Directions for the data below: repeat exactly the lines from the one with "1964' Ford Mustang photo #2" through the one with "View from above", both included, and omit all pictures.

EXERCISE INPUT
====

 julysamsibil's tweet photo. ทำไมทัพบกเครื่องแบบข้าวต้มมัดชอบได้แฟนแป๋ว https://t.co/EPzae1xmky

====

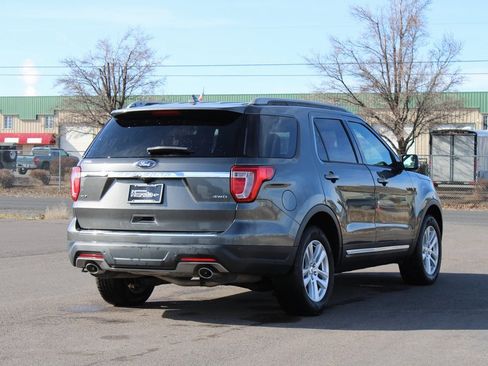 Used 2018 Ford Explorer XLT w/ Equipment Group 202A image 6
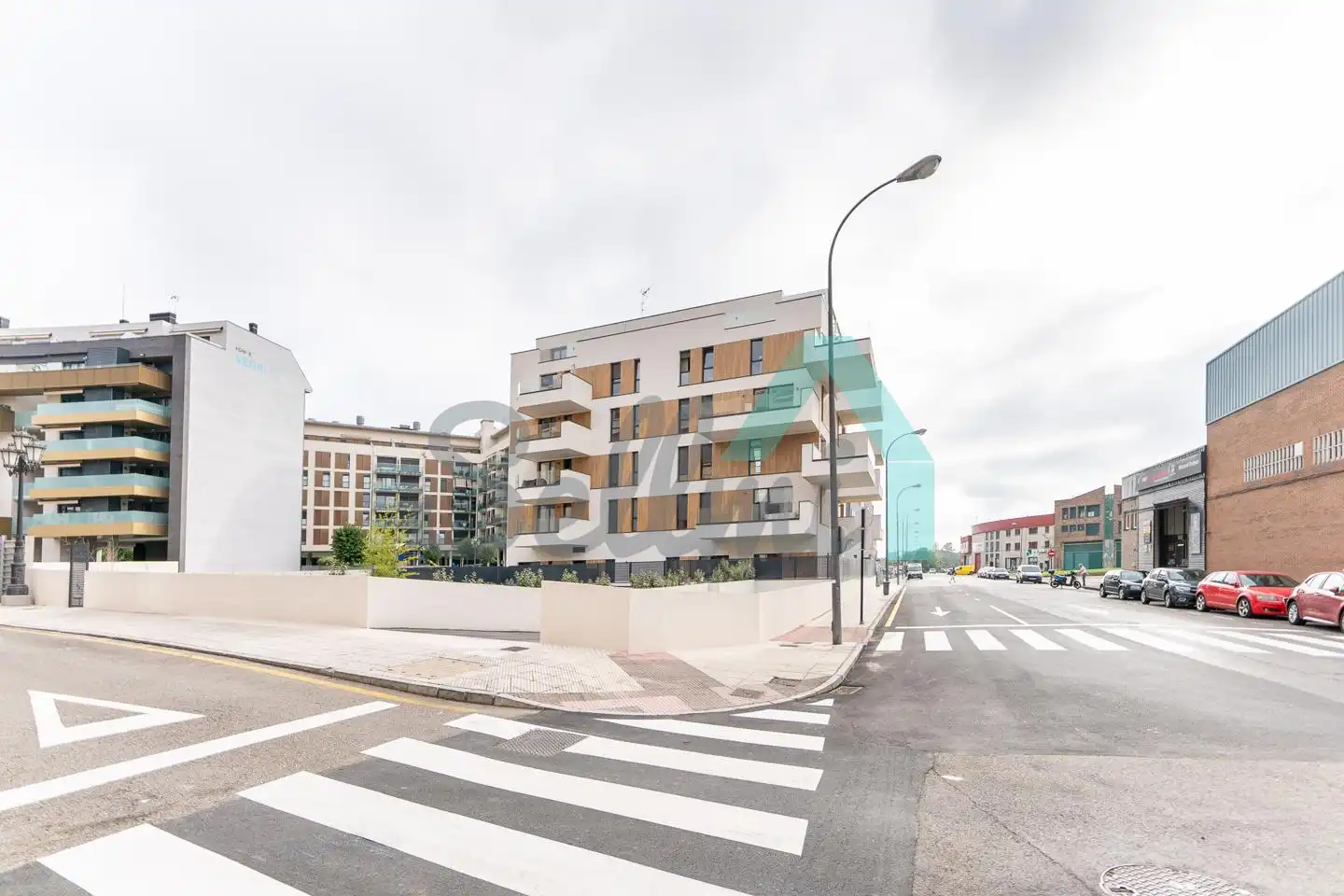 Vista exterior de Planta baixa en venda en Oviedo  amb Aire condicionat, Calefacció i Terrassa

====

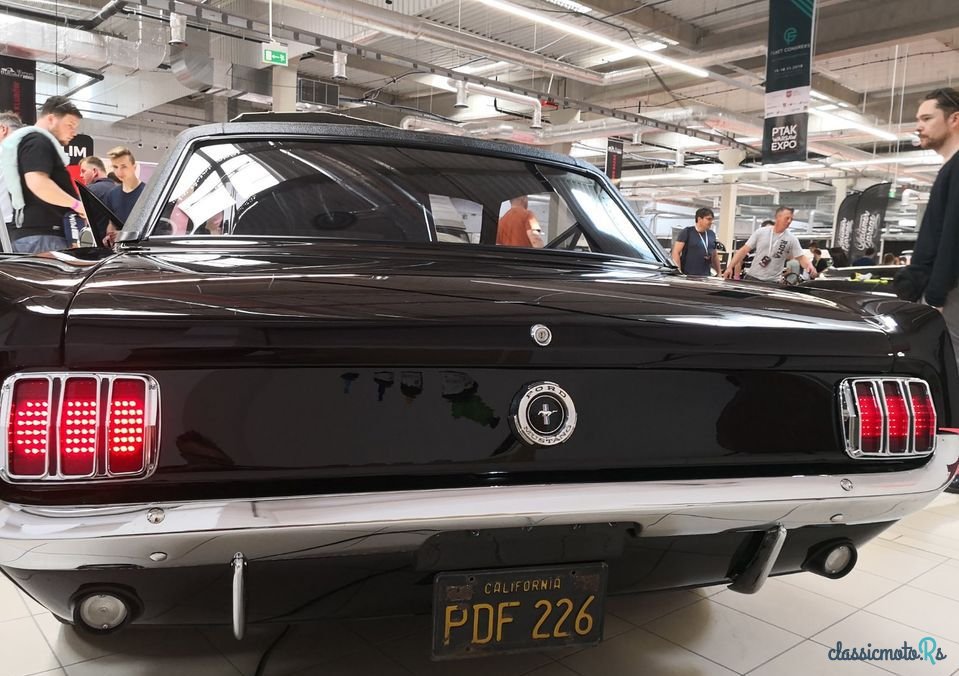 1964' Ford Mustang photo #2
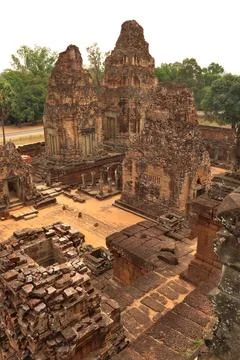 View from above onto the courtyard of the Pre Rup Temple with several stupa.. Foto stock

====

SOLUTION TO THIS PROBLEM
 1964' Ford Mustang photo #2
 View from above onto the courtyard of the Pre Rup Temple with several stupa.. Foto stock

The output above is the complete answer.